My vote went to Juliana. I liked the idea and the imagery. What I liked most was how the way it was written allowed the situation of the character be a philosophical analogy for each human or a macrocosmic (not sure if that is a word?) analogy for humanity as a whole.

Yet another great month of entries. Bravo to all!

Thanks for those who reviewed - much appreciated as always.

Thanks a lot to TacticalLoco, Parson, Boneman and Starbeast for shortlistings, and thanks also to Betawolf for joint silvering my story. All made me very chuffed indeed. :D

And congrats to SleepyDormouse!
 
Dormeuse said:
Chris you are right that my last entry was March '01... you must have done quite some digging to find that!
Aha. I am the keeper of the secret knowledge, the master of the chart. Tremble at my powers, mortal. And it was '11; the challenges only started in '10.

Well done with the story, by the way!

I didn't take the flat in Ende der Welt strasse. I so wanted to. but it was too far to walk from the studio (next village along, partly up the Jura) and the busses stopped to early in the evening. Not that the flat was anything very special (new, clean, Swiss) but what an address.

Parson spotted it; my entry was autobiographical. All my chattels travelled back to the old country last week, I'm clutching a ticket for the return of my body (preferably animated) tuesday; an epoche draws to a close, and the tendency of Swiss geography to see itself in the centre of things, so "Mittelerde', and so too the Tolkien connection,

What this tie meant was that for the first time in my versification this one was a poem; not as good structurally as some of the others (two rhythmic stumbles, and not enough words to do the rhyme for 'condemned') it had some emotion driving it. And it got a vote, if fewer than usual short lists, so it couldn't be all bad.

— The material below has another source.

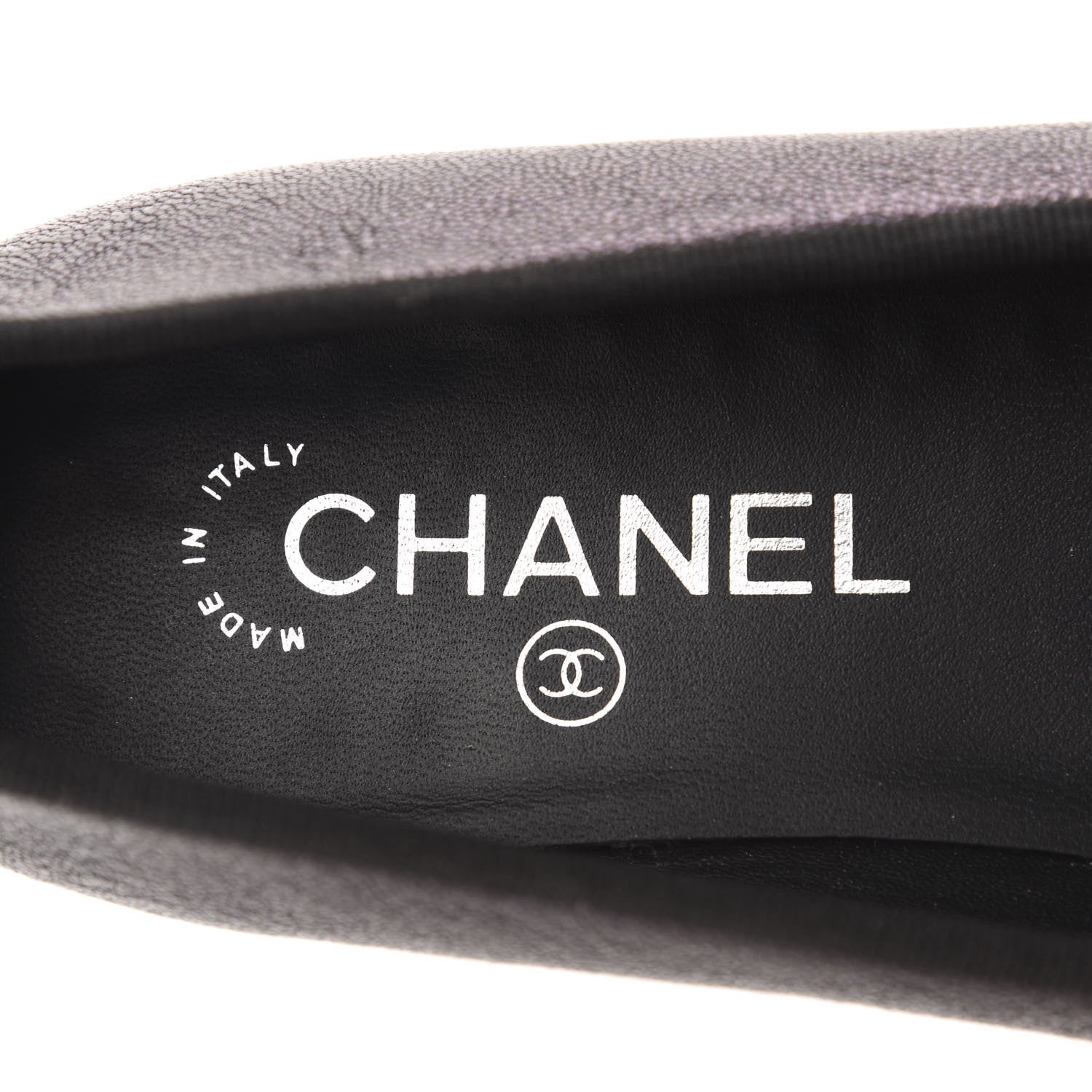 Chanel Caviar CC Cap Toe Ballerina Flats 38 Black 8 of 9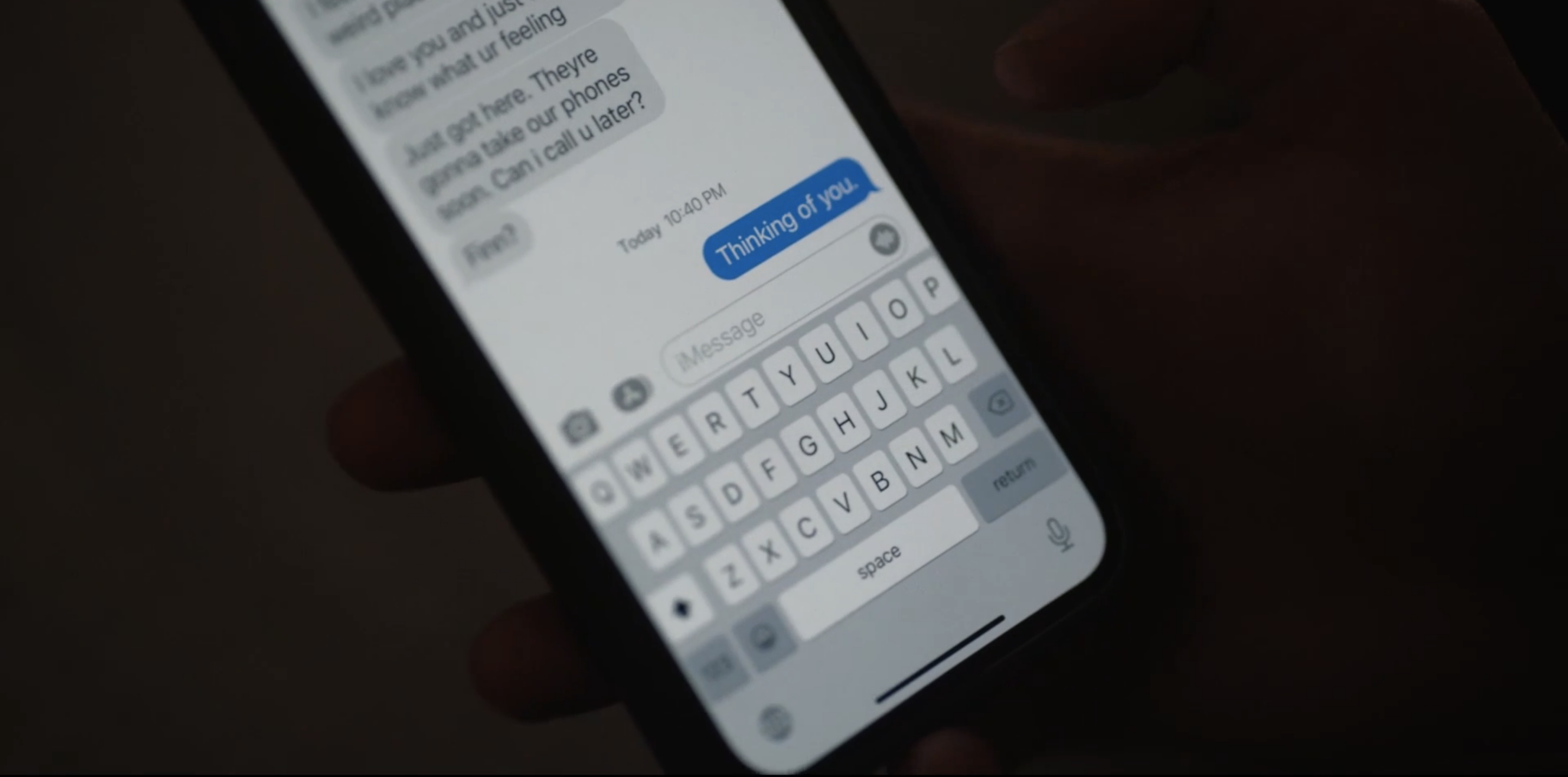 Finley's text "thinking of you"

As I mentioned, my muse was over generous last month, giving me three usable ideas. Here's one of the others.

Conflict

Earth torn asunder, iron shod war hooves
Tank tracks, nailed caligae,
Watered with poisons, blood and petroleum,
Strip mines for iron to continue destruction,
Sapper-rent by explosives, petards, entrenching tools
Burnt by flame throwers, nuclear, Bowler's ray guns,
Cursed by religions, nations, invaders,
Overbuilt with fortresses, emplacements, concrete defences,
Teams compete in furthering destruction.
STOP!
Whistle blows, oranges, half time, change ends.
 
sorry mosaix.. I wanted to do the post myself and didn't fancy staying up late enough. It is there now.